A bill that would have allowed teachers to be armed in classrooms across the state is dead for this session.
The bill, sponsored by Guntersville Republican Rep. Will Ainsworth, was one of the most prominent of several gun and school safety bills filed this session.
Filed three weeks ago, just a month before the Legislature is expected to sine die and end the session, the controversial bill had a steep hill to climb.
It didn’t make it to the top.
Leaders in the legislature — from the House speaker to the Senate president pro tempore — have been cautious about the calendar realities of passing gun bills this session, and McCutcheon was the more optimistic of the two.
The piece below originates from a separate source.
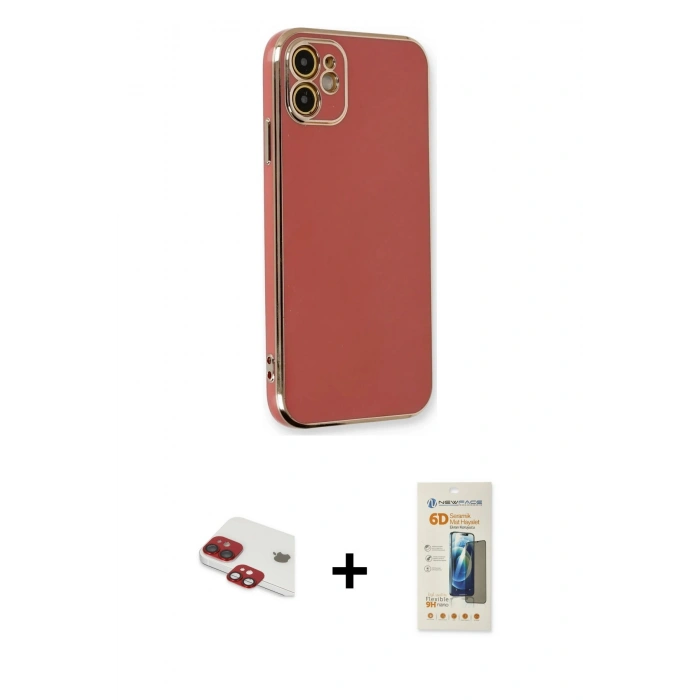 MARSİLYAN™- iPhone 11 Kılıf Yankı Serisi - Siyah 6D Mat Seramik Hayalet Nano Ekran Koruyucu + Pers Alüminyum Kamera Lens - KI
But Tuesday House Speaker Mac McCutcheon said opposition from Democrats threatened to derail the session and led to the bill’s demise, though several Republicans — particularly in the Senate — had also expressed opposition to the measure.
“Although the bill was in a position to be considered yesterday, the Democratic opponents of the legislation were prepared to lock down the chamber to prevent its approval,” McCutcheon said. “There was also a great deal of misinformation being distributed to educators, school administrators, law enforcement agencies, and parents that needed to be corrected.”
McCutcheon wasn’t clear what “misinformation” had been spread about the bill.
The House speaker, in his second session in the Legislature top role, said he expects the bill to make a reappearance during the next session.
“I can offer a personal guarantee that this issue will be revisited when the Legislature convenes its next session,” McCutcheon said.
The Legislature won’t return for a regular legislative session until March 2019. Lawmakers will have an extra month off next year during the first year of the quadrennium after the 2018 statewide general election.
Ainsworth’s HB435 isn’t the only gun bill that died this week. All of the other proposals — from both Democrats and Republicans — were also given a hypothetical death certificate after their sponsors admitted that it’s unlikely they’ll move forward with less than a week to go in this session.
Ainsworth was more forceful, calling on Gov. Kay Ivey to convene a special session of the Legislature later this year to revisit school safety proposals. It’s unlikely Ivey will call a special session given lawmakers are battling it out ahead of primaries scheduled for June 5 and a general election set for November.
Constitutionally, the Legislature has several more weeks left in the session, but lawmakers are expected to depart next week in order to get home and campaign. It’s typical for lawmakers to end an election-year session early.
Nevertheless, McCutcheon and the bills’ sponsors say they are not abandoning them, and some school safety legislation has already passed or has a much better chance of making it out before the end of March.
“The House is deeply committed to school safety issues, and we are already passing legislation this session that allows retired law enforcement officers to serve as school resource officers, redirects state technology dollars to fund school security needs, and creates a permanent committee that will suggest school security improvements on an annual basis,” McCutcheon said.
The speaker said lawmakers are also researching how existing laws on the books could allow for changes to school safety, and he directed lawmakers to get feedback from their local school districts and law enforcement on how the Legislature could help. McCutcheon said the House won’t forget about the need for school safety and gun reform next year.
“As the next regular session approaches, we will be taking a look at all the pieces of the complex school security puzzle and come forward with a package of legislative proposals,” McCutcheon said. “Ensuring that the children parents send to school in the morning return to their home safely in the evening will always remain among the top priorities of the Alabama House of Representatives.”